The data START

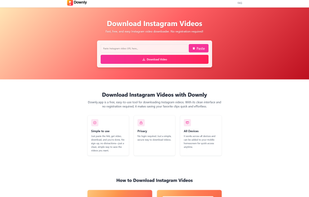 Downly - Instagram Video Downloader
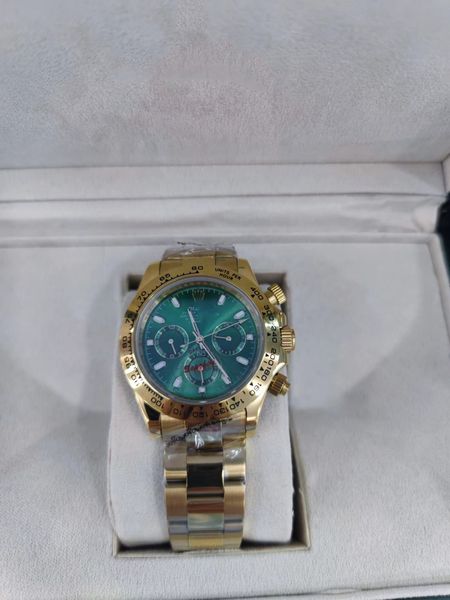 with original box watch 40mm 116503 116508 116523 116528 sapphire 18k yellow gold green dial no chronograph mechanical automatic mens watche, Slivery;brown
with original box watch 40mm 116503 116508 116523 116528 sapphire 18k yellow gold green dial no chronograph mechanical automatic mens watche, Slivery;brown
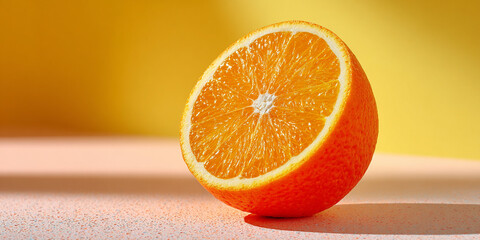 orange on a white background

The data END

* Task goal: Return the whole listing, word for word, and leave out every picture.

* Result of this exercise:
 Downly - Instagram Video Downloader
 with original box watch 40mm 116503 116508 116523 116528 sapphire 18k yellow gold green dial no chronograph mechanical automatic mens watche, Slivery;brown
with original box watch 40mm 116503 116508 116523 116528 sapphire 18k yellow gold green dial no chronograph mechanical automatic mens watche, Slivery;brown
 orange on a white background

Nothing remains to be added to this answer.